Von binärem Muschelcode zu indigener Computersprache

| von
Jon Corbett

Beitragsbild: privat

Der kanadische Künstler und Programmierer Jon Corbett schafft Arbeiten, in denen er das indigene Erbe seiner Kultur sichtbar macht. Gleichzeitig setzt er sich dafür ein, dass die Sprache seines Volks auch in den Programmiersprachen eine Repräsentanz und Sichtbarkeit erhält.

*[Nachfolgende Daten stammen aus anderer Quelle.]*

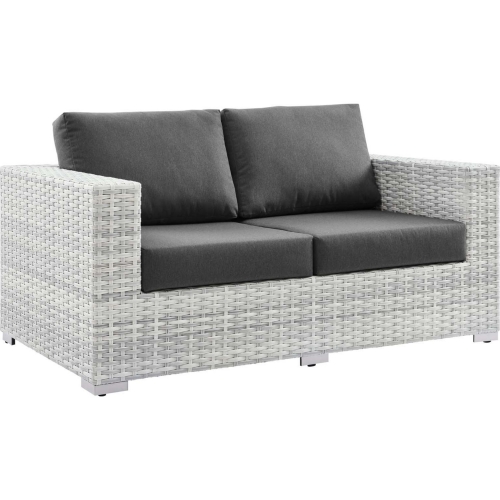 Convene Outdoor Loveseat in Charcoal Fabric & Gray Poly Rattan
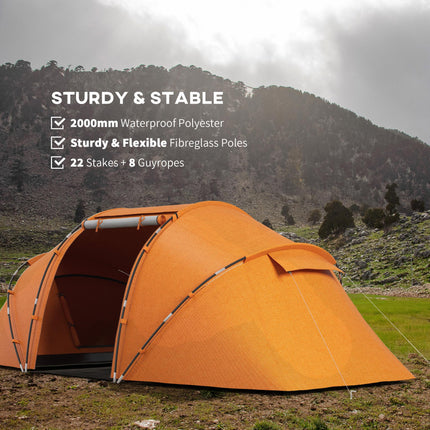 4 to 6 Person Family Camping Tent with UV Protection - Orange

„Ich bin Métis“, sagt John Cor­bett. Er fühlt sich damit einer kana­di­schen Volks­grup­pe zuge­hö­rig, die im 17. Jahr­hun­dert aus Indi­ge­nen und zuge­wan­der­ten Euro­pä­ern her­vor­ge­gan­gen ist. Es ist eine Iden­ti­tät, die er mit über 600.000 Men­schen in Kana­da teilt. „Auf indi­ge­ner Sei­te habe ich Vor­fah­ren im Volk der Cree“, prä­zi­siert Cor­bett, der an der Uni­ver­si­tät von Bri­tish Colum­bia inzwi­schen auch im Bereich der Digi­ta­len Medi­en lehrt. „Auf euro­päi­scher Sei­te war mein Urahn ein Eng­län­der, der Mit­te des 18. Jahr­hun­derts als Fell­händ­ler nach Kana­da kam.“ 

Nicht nur die Men­schen ver­ban­den sich, son­dern auch ihre Kul­tu­ren. Im Fal­le der Cree und ande­rer First Nati­ons gab es bereits 12.000-jährige Kul­tur­prak­ti­ken. Zu ihnen gehört wohl auch die Kunst der Per­len­sti­cke­rei. Mit die­sen Métis-Per­len­ar­bei­ten begann sich Cor­bett im Jahr 2015 zu beschäf­ti­gen, wäh­rend er sei­nen Mas­ter im Bereich der Bil­den­den Küns­te mach­te.  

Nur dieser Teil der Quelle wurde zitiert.